On January 15, 1997, the Board of Directors approved the formation of a
holding company to be presented for approval at the May 27, 1997 stockholders'
meeting. The formation of the holding company requires approval of the
stockholders, as well as the Federal Reserve Bank of Boston (FRB), FDIC and the
CDB. If approved, the name of the holding company will be "NMBT Corp.". NMBT
Corp. will hold 100% of the issued and outstanding common stock of NMBT. Whether
or not the holding company is approved, the Board of Directors also approved the
name of the Bank be changed effective with the stockholders' meeting to "NMBT".

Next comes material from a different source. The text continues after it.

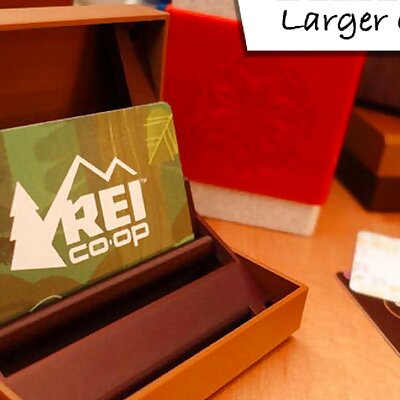 Popup Gift Card Box  Larger Clearance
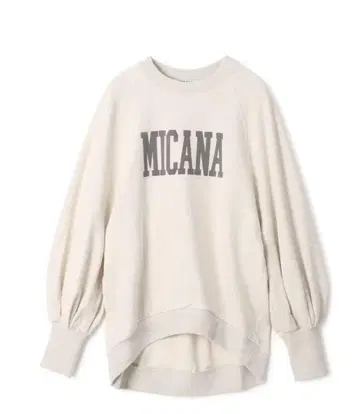 MICA&DEAL x AMERICANA 볼륨 소매 로고 맨투맨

As of December 31, 1996, NMBT had total assets of $305.55 million, up from
$269.18 million as of December 31, 1995. The growth in assets is the product of
strong loan growth and an increase in securities, which assets were funded by an
increase in deposits coupled with a modest leverage strategy. Loans grew $13.53
million, mainly in higher-yielding commercial and installment loans with almost
all of the growth variable rate in nature. During 1996, NMBT's Board of
Directors declared four quarterly cash dividends totaling $0.44 million, or
$0.17 per share.
RESULTS OF OPERATIONS
SUMMARY
NMBT's results of operations are largely dependent upon net interest
income, which is the difference between interest and dividend income on earning
assets, such as loans and securities, and interest expense on deposits and
borrowings. Interest and dividend income on loans, securities and
interest-bearing deposits is a function of the average balances outstanding
during the period and the average yields earned. Interest expense on deposits
and borrowings is similarly a function of average balances outstanding and the
average rates paid. NMBT's results of operations are also affected by: the
provision for loan losses, noninterest income, such as service charges on
deposits and other fee-based revenues; noninterest expense; and income taxes.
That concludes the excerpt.